Safia knows that there will be changes ahead but nothing has prepared her for the reality of dealing with Abo’s cultural expectations, her favourite brother Ahmed’s wild ways, and the temptation of her cousin Firdous’s party-girl lifestyle. Safia must come to terms with who she is – as a Muslim, as a teenager, as a poet, as a friend, but most of all as a daughter to a father she has never known. Safia must find her own place in the world, so both father and daughter can start to build the relationship they both long for. From Somalia With Love is one girl’s quest to discover who she is – a story that, while rooted in Somali and Muslim life, strikes a chord with young people everywhere.
I recieved the book in the mail recently, and I was so eager to read it that I couldn’t wait – I snuggled down with a blanket and devoured the book immediately!
In short: It’s awesome.
A while back I wrote a quick blurb on another book for Muslim teens (Does My Head Look Big In This? by Randa Abdel-Fattah), and mentioned how happy I was that at least there was something out there for Muslim girls. I’m even happier now that “From Somalia, With Love” has arrived on the scene, delivering an even better story and providing an even better alternative.

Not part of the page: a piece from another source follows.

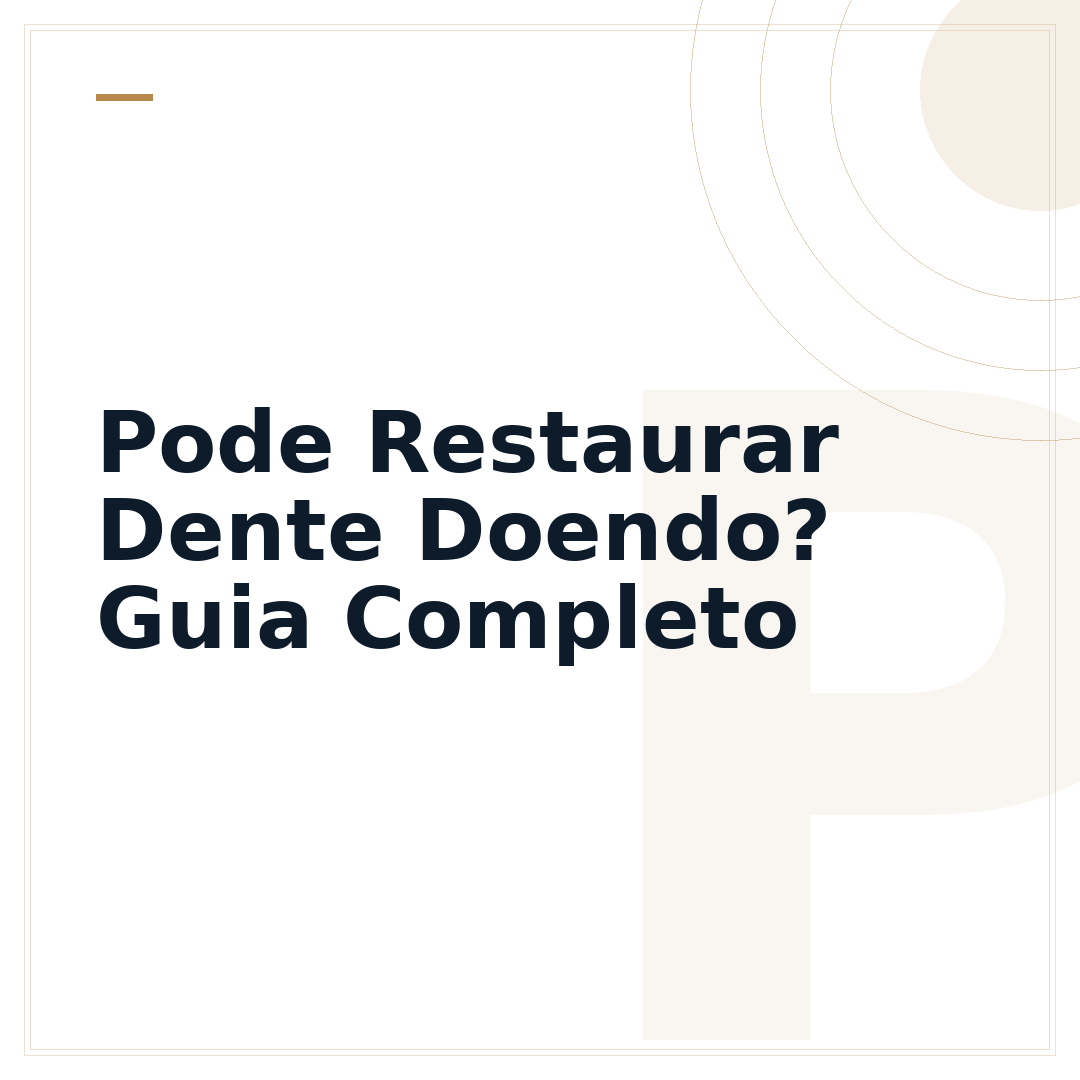 Pode Restaurar Dente Doendo? Guia Completo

Safia Dirie is a young Somali Muslim girl, somewhere in her mid-teens. Growing up in London, navigating through non-Muslim society while maintaining a close connection to her family and extended community, Safia represents the majority of Muslim girls in the West: practicing, religious, often from a “different” (i.e. immigrant) ethnic background, but very much Westernized.
The story begins with the news of her father’s return from Somalia, after more than a decade of being thought dead. What should be a touching family reunion, however, ends up becoming an awkward change in family dynamics.

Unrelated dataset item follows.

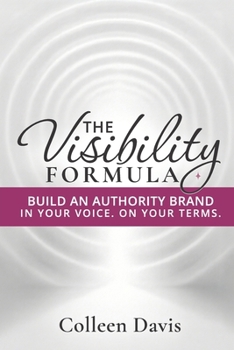 The Visibility Formula: Build an Authority Brand — In Your Voice. On Your Terms.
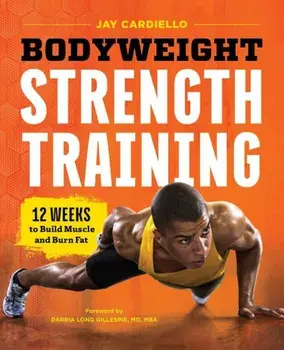Bodyweight Strength Training: 12 Weeks to Build Muscle and Burn Fat, Paperback/Jay Cardiello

Abo’s arrival is a catalyst for Safia: the close bond between her and her mother begins to fade, and her brother Ahmed’s behaviour adds more to her worries and problems. Lonely, unsure of what to think or do, Safia drifts away from her family and best friend and begins to connect with her cousin Firdous. Firdous, however, is one of the least reputable girls in the family, given to partying and hooking up with guys. And although her aunt warns her about Firdous, Safia continues to spend time with her cousin and as her situation at home gets worse, is soon drawn to things she would never have considered before. Before she knows it, things begin getting out of hand – will she be able to stop before it goes too far?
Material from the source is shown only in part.